- **EXERCISE**: Print only the lines below from the one with "3 Groom Mews, Wellard WA 6170" to the one with "miu miu женские", both included, exactly as they stand. Leave pictures out.

━━━ MATERIAL SUPPLIED

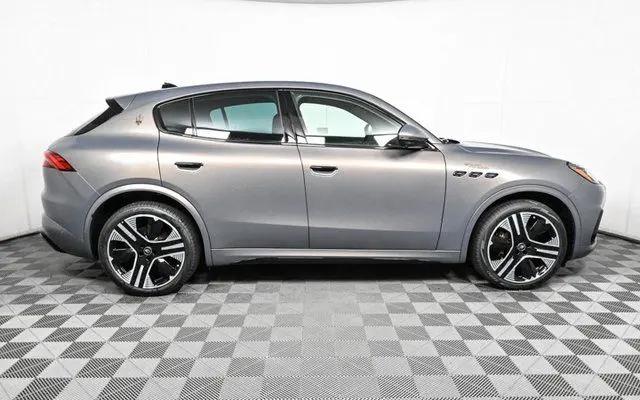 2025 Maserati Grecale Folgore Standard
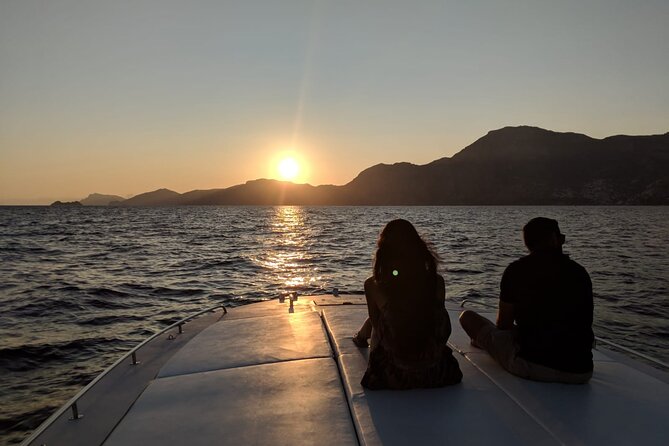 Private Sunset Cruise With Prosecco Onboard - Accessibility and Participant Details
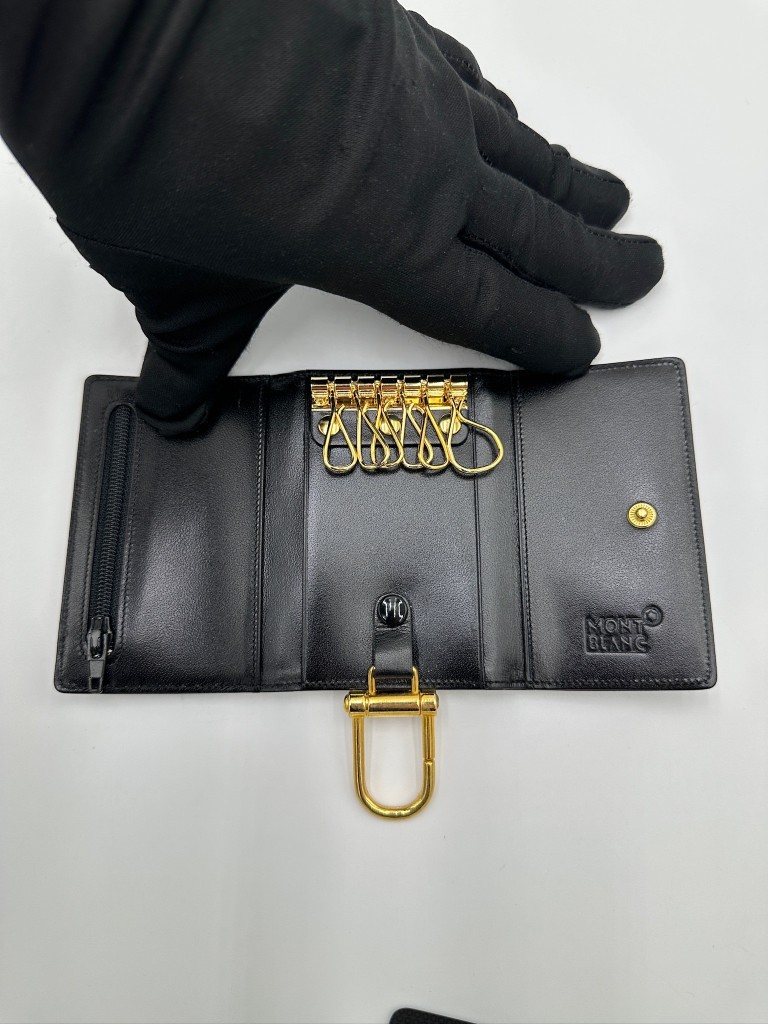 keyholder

━━━━━━
━━━ MATERIAL SUPPLIED

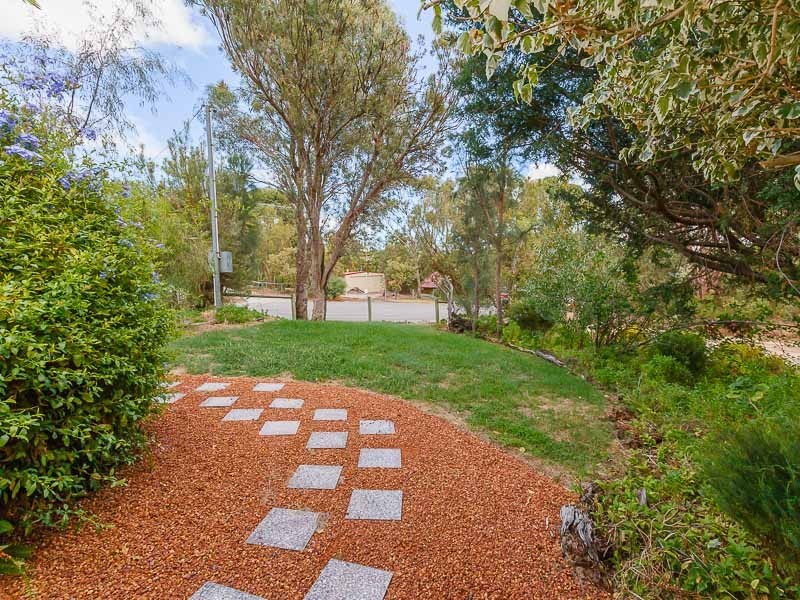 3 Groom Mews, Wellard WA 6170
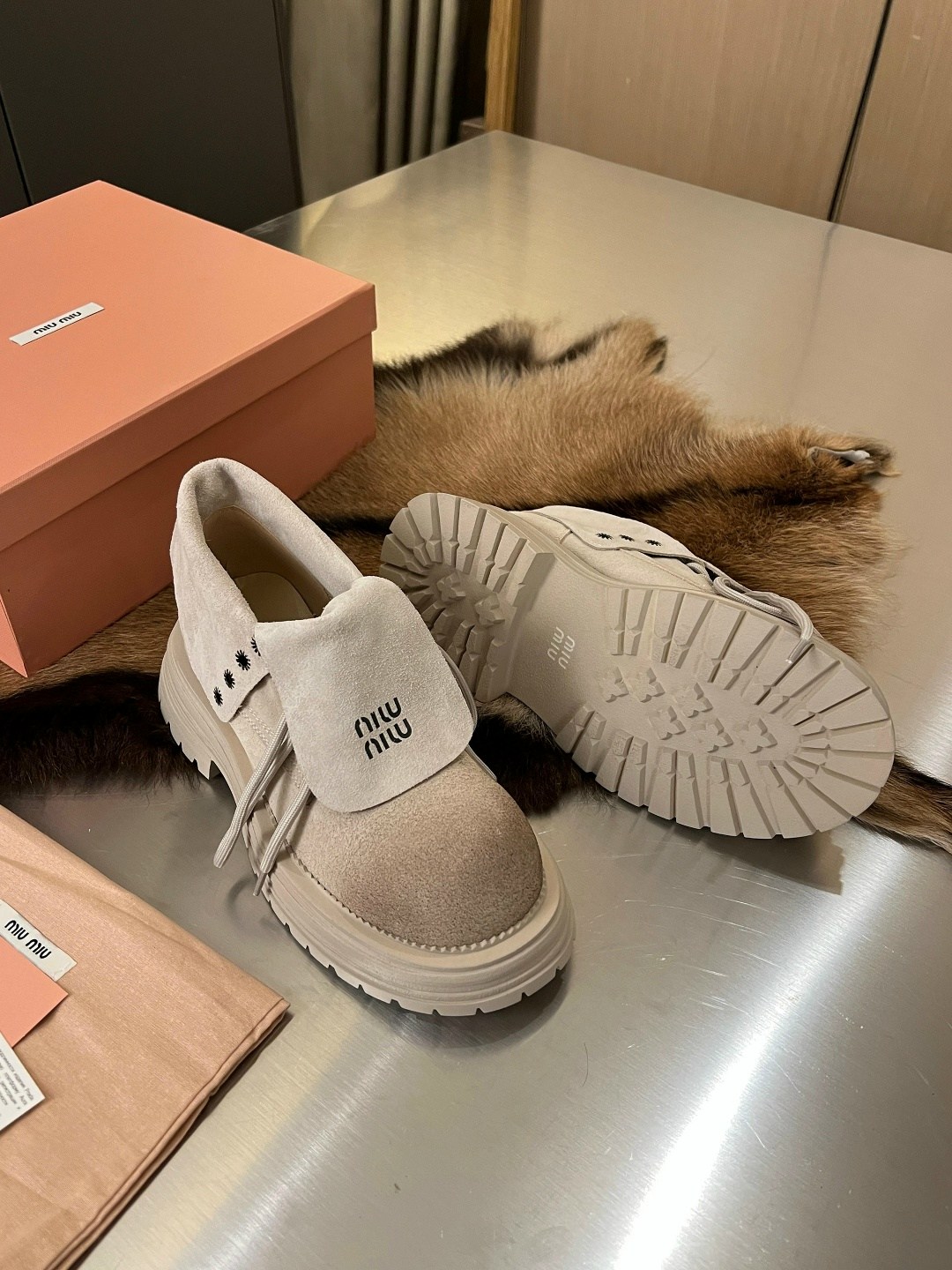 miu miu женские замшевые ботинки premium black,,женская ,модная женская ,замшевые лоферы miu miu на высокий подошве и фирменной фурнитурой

━━━━━━

- **TASK ANSWER**:
 3 Groom Mews, Wellard WA 6170
 miu miu женские замшевые ботинки premium black,,женская ,модная женская ,замшевые лоферы miu miu на высокий подошве и фирменной фурнитурой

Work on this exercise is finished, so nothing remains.